A total of 34 Atalantes were built on 57 or 57C chassis. The model had been presented to the press in April 1935, known then as a " Faux-Cabriolet ", and not officially named Atalante until the Motor Show in October 1935. Only 17 examples of the Atalante coupé were built on a 57S chassis.
Monthly sales register
Chassis 57624, fitted with engine 448, was assembled in December 1937, and was sent to the coachbuilder at the start of 1938. The car was completed on 28 January 1938.
The vehicle 57624/448 coupé Atalante was transported from the factory to the Geneva Motor Show by train on 2 February 1938. The car had not been promised to, or bought by, the agent in Geneva, but sent by Molsheim for loan or display only. Having been finished just five days before being sent to the Motor Show, we can conclude that it was built specifically for the event, and consequently particular care was taken in its construction.

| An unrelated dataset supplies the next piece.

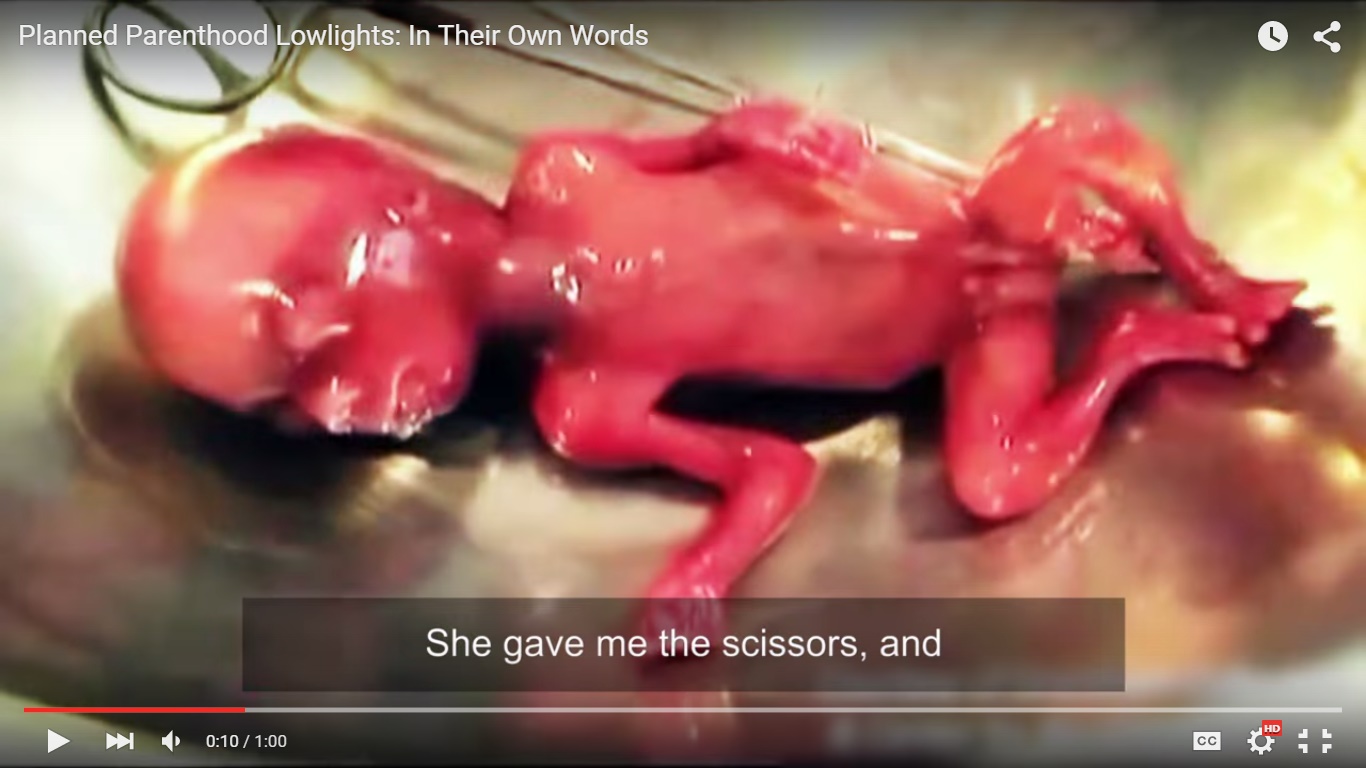 Photo of Planned Parenthood Lowlights: In Their Own Words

The car was officially sold on 5 April 1938 to the Bugatti dealer in Geneva, Jean Sechaud. The Sechaud Garage had taken over from Garage Blanc et Paiche around 1932 as the Bugatti representative in Geneva. There were many Type 57 sold new in Switzerland, but only two Atalante coupés put into circulation there: chassis numbers 57402 and 57624.
A Swiss history
Chassis 57624 was officially imported into Switzerland on 8 April 1938. It crossed the border at Saconnex (receipt number 7142). The vehicle was described as " Coupé - weight 1473 kg ". There are no longer any proper registration records of Swiss cars from before the war, but cross-checking of statistics records has shown that in 1938, the first four Bugatti were imported in April. These were completed cars and not chassis. Of these four, one went to Lausanne and the other to Geneva, and 57624 was undoubtedly one of these two.
We have consulted 1950s Swiss police archives and found 57624 logged there, always registered in Geneva. We can suppose that the Bugatti was on the road in this canton from 1938, when new, through to 1948, when we come across the car again in the hands of an enthusiast by the name of de Marignac.

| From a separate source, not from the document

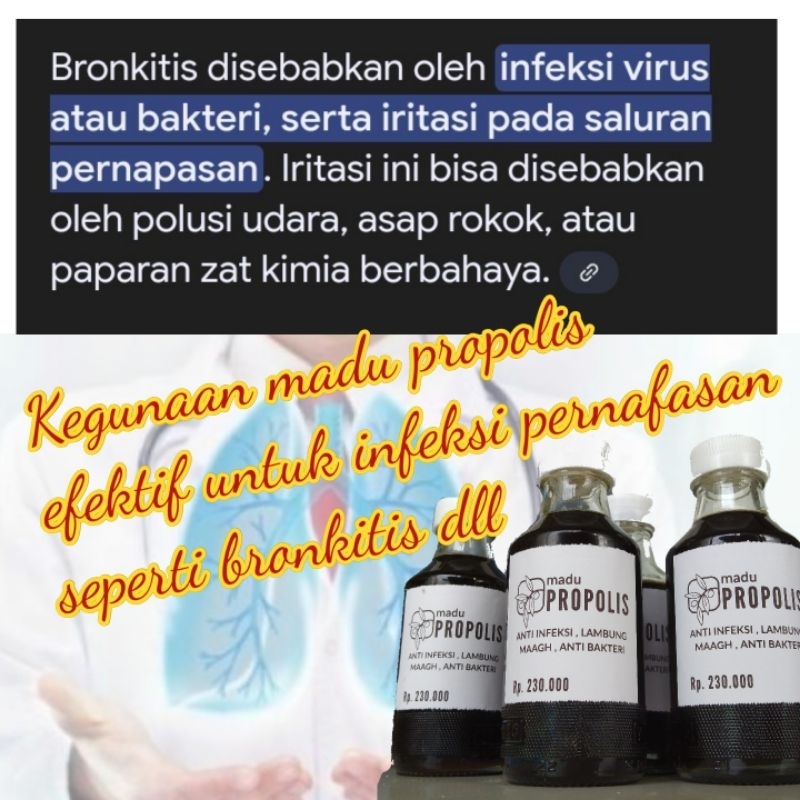 

madu PROPOLIS mantap.madu untuk paru². madu obat untuk perokok.BUKAN Propolis PABRIKAN.sehatnya alami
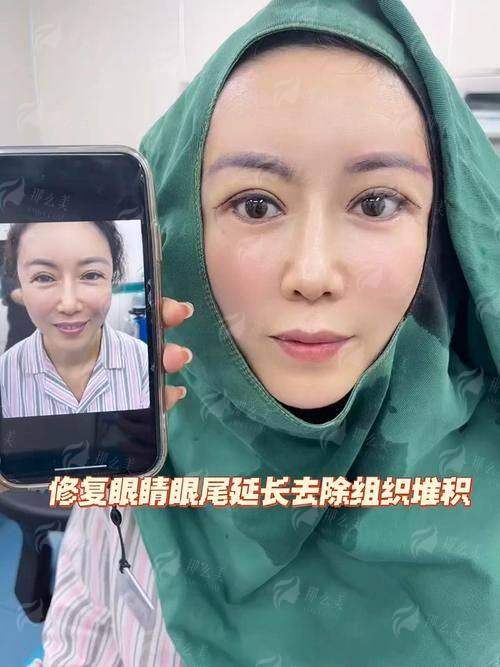 广东韩妃李光琴和纪春华双眼皮谁最自然？医生特色技术全公开，速来预约挂号！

Chronology of Swiss owners
Gilbert de Marignac and his cousin Bernard Darier acquired this car around 1948. At that time, it was registered GE 11146. We traced Mr de Marignac, who now lives in Crans, near Céligny. He recalls : " The car was bought by my cousin Darier. For some reason, I was the co-owner, although I rarely used it. However, I still remember it was lovely to drive. I seem to remember the car was green and was re-painted light brown. In 1950, I ended up working in America and lost track of the car, which was probably sold by my cousin at that time. "
Darier is no longer alive. He was close to the Hentsch family, that owned one of the four Swiss private banks, Hentsch & Cie. Marignac and his brother Denis had married the two Van Bercham sisters, connected to the Pictet bank.

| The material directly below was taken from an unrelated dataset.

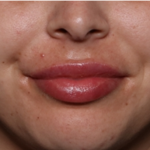 Lip Filler Before & After Patient #32070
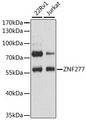 ZNF277 Antibody - Western blot analysis of extracts of various cell lines, using ZNF277 antibody at 1:3000 dilution. The secondary antibody used was an HRP Goat Anti-Rabbit IgG (H+L) at 1:10000 dilution. Lysates were loaded 25ug per lane and 3% nonfat dry milk in TBST was used for blocking. An ECL Kit was used for detection and the exposure time was 10s.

The next owner of 57624 was Alphonse Gontran-Weber who registered the vehicle with the number NE 2542 (Neuchâtel canton). He lives in Lugano today but comes from a town near Neuchâtel, called Boudry, and discovered this car in a large garage in the town around 1950. He told us that he owned the car with a friend of his, Bernard Darier. It is possible that Darier sold the car to Gontran-Weber while retaining the use of it. The chronology of the owners is, for the moment, consistent. Gontran-Weber remembers having raced at Monza in his Atalante 57. He was a wholesaler of precious stones, who travelled on business to Brazil and South Africa, and had offices in Geneva. He was also responsible for setting up the " Gontran-Weber Trophy " for motor racing. In two letters that he wrote to a Bugatti enthusiast in 1998, he remembers that at a later date a certain Charles Renaud won this trophy with the Aston Martin team at Monza !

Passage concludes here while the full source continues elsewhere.